I love you. Your cool, sharp flavor is something I think about whenever I'm thirsty. Your thick brown goodness is almost a meal in itself. But your ads, your ads are terrible. It would be better if you didn't do any at all.

Today I saw the new one, where you have a fat football player do some sort of dance on the field. It's embarrassing. The fact that it's just plain awful isn't even what bothers me. The part of your marketing program that bothers me is your claim to have "23 favors."

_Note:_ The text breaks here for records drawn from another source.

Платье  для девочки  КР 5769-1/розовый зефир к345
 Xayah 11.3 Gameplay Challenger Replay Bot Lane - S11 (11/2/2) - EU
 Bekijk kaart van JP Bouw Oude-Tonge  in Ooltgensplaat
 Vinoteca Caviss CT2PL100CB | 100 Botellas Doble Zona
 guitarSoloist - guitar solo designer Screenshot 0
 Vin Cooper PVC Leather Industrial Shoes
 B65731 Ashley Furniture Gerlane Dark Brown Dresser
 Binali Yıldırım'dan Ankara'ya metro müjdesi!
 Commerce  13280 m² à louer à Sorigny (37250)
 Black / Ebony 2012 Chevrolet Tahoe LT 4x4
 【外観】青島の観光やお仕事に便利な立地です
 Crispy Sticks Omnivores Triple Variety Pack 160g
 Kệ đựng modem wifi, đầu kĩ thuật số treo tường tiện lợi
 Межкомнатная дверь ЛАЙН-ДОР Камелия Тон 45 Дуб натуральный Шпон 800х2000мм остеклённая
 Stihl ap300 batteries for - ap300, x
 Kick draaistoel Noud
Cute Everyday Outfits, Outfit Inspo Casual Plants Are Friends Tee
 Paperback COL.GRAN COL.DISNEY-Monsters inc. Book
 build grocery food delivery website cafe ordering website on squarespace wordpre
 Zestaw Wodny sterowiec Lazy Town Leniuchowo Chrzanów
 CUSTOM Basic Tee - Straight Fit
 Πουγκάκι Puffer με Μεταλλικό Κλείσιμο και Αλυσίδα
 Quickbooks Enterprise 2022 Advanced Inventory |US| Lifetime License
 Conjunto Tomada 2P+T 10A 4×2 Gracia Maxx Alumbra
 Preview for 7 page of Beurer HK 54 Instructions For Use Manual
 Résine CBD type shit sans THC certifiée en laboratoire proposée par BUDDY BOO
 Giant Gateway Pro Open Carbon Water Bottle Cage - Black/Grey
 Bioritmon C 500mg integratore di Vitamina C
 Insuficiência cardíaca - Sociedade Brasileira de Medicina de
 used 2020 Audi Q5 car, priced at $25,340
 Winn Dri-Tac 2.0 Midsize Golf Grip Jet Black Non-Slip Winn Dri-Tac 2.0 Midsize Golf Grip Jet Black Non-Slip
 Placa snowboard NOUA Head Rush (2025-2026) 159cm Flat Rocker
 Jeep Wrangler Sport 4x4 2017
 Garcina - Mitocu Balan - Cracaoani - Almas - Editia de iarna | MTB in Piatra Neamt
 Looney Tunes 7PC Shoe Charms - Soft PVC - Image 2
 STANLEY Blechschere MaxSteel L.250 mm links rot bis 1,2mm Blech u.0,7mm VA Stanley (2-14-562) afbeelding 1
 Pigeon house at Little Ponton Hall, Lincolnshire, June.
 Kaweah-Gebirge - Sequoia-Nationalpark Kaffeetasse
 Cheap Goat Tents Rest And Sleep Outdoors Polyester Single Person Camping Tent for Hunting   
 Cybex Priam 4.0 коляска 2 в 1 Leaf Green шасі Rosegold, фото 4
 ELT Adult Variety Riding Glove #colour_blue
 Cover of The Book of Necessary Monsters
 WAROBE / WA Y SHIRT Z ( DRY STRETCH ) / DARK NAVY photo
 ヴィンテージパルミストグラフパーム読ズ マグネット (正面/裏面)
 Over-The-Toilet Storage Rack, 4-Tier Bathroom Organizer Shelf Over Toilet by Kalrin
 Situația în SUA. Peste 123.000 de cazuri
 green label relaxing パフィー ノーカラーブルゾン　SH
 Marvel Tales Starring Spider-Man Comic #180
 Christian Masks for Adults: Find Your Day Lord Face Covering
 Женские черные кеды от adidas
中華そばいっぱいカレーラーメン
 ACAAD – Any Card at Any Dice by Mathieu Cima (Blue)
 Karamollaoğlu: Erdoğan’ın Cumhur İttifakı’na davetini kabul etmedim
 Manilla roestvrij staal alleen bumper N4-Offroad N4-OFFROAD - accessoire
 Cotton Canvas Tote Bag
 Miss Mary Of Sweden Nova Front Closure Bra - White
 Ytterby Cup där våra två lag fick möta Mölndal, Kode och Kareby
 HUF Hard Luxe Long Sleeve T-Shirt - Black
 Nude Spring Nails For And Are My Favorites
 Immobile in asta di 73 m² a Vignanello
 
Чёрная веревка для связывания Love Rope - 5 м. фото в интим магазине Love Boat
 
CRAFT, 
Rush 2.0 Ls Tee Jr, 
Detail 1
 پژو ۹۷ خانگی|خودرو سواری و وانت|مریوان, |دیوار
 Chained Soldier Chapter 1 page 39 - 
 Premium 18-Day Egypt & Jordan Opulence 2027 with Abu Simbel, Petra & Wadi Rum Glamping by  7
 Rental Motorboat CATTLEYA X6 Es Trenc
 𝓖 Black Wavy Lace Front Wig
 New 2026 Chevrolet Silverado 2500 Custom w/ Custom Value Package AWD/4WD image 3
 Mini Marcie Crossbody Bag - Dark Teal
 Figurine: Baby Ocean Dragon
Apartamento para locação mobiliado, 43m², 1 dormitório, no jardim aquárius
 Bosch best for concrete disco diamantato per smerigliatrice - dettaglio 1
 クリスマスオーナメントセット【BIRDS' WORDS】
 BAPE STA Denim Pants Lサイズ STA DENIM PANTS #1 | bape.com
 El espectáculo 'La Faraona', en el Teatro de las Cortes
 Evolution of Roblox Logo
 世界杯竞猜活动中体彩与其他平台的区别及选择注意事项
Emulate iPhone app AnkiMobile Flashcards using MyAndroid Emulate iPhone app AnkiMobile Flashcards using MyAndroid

23 completely indistinguishable flavors.

When I went to your website to see what these 23 flavors are, you informed me that it was "proprietary information." Why make a claim of 23 flavors if you can't tell me what they are? It almost makes me nervous. Who mixes together 23 things and drinks it? I think the only other place you find 23 flavors is in the water that leaks out of trash bags. And then there's Cherry Vanilla Dr. Pepper. Is that 25 flavors? Or is it 23 flavors, from which we can deduce that cherry and vanilla are amongst the original 23 ingredients?

The truth is, I don't give a rat's ass how many flavors are in it, I like the Dr. Pepper flavor. Why not claim to be one flavor: Dr. Pepper flavor.

Thanks for your time and deliciousness.